Дом неистовых клятв (ЛП) - Вильденштейн Оливия
— Да. Всё.
Я знаю, что она перешла на язык воронов, потому что её произношение сделалось идеальным.
— Теперь у тебя больше не будет от меня секретов.
Она широко улыбается, и на её щеке появляется ямочка.
— Я буду скучать по нашим урокам.
— Мне ещё многому нужно научиться, Ифа. Например, летать. У меня ужасно это получается.
Я провожу по скошенным граням бриллианта на моём пальце, не в силах поверить в то, что настолько ценная вещь принадлежит мне и только мне одной.
— Может быть, ты бы могла меня поучить, раз уж война закончилась?
Её тёмные глаза вспыхивают.
— Почту за честь, Фэллон.
Фибус и Сибилла, которые сидят напротив нас с округлившимися от удивления глазами, напоминают сейчас зрителей в театре.

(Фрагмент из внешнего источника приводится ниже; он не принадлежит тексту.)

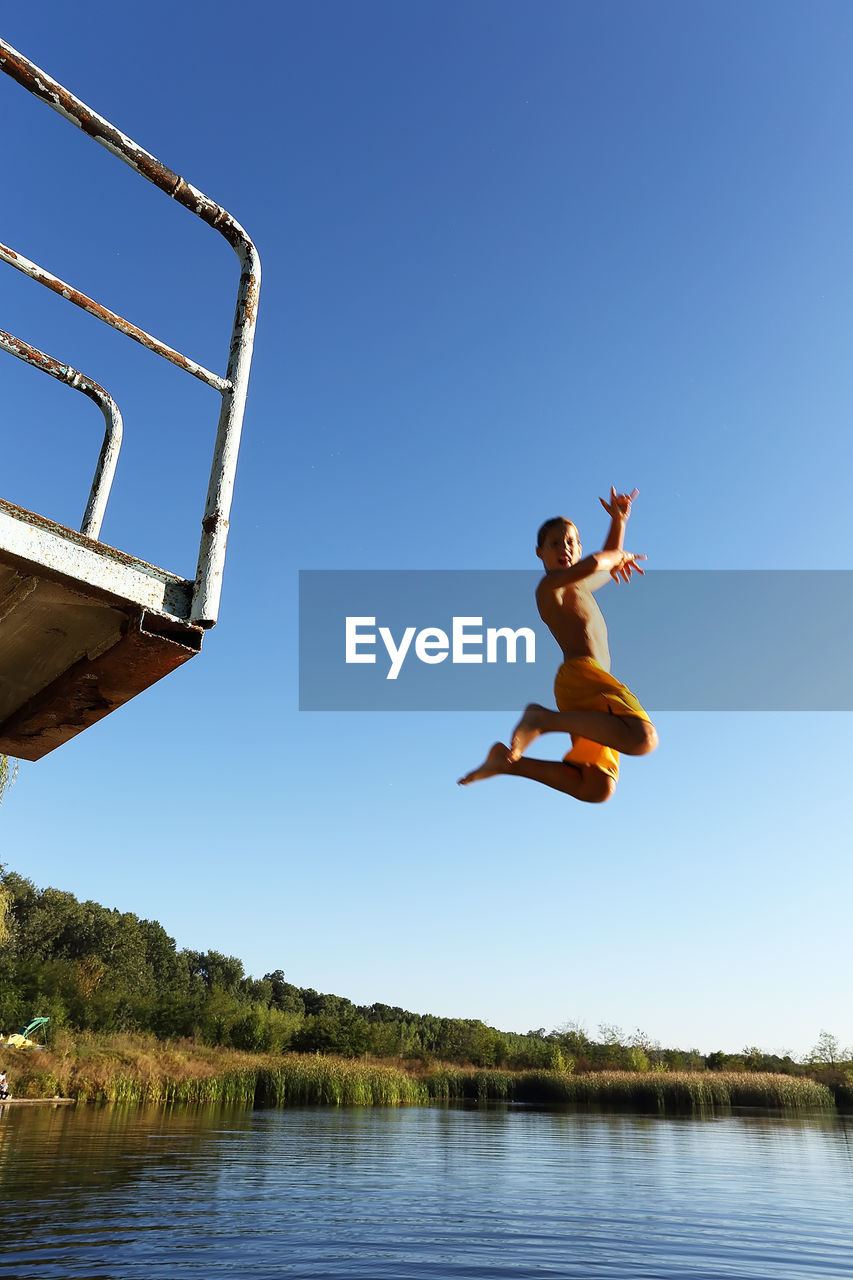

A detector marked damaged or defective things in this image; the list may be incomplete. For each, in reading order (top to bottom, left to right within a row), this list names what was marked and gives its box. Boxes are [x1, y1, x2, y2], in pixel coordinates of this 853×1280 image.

peeling white paint on railing [0, 325, 121, 540]
rusty metal railing [0, 35, 258, 624]
peeling white paint on railing [0, 35, 258, 624]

— Не могу поверить, что ты можешь свободно говорить на языке воронов.
Фибус откидывается назад и кладёт руку на спинку стула Сибиллы.
— Это настоящее безумие, — соглашается она, накалывая на вилку лингвини4 с морепродуктами, и в этот самый момент стул рядом с ней скрипит, когда Маттиа опускается на него.
— Что это был за день!
Белки его глаз кажутся ещё более розовыми, чем радужки глаз моей бабки.
— Боги, мне надо выпить. И побольше.
Он делает глубокий вдох и морщит нос, почувствовав запах, который исходит от его чёрной рубашки, после чего тянется за кувшином, который стоит по центру стола.
— Простите. Мне следовало переодеться, после…
Я нюхаю воздух и улавливаю запах дыма.
— После? — спрашивает Фибус.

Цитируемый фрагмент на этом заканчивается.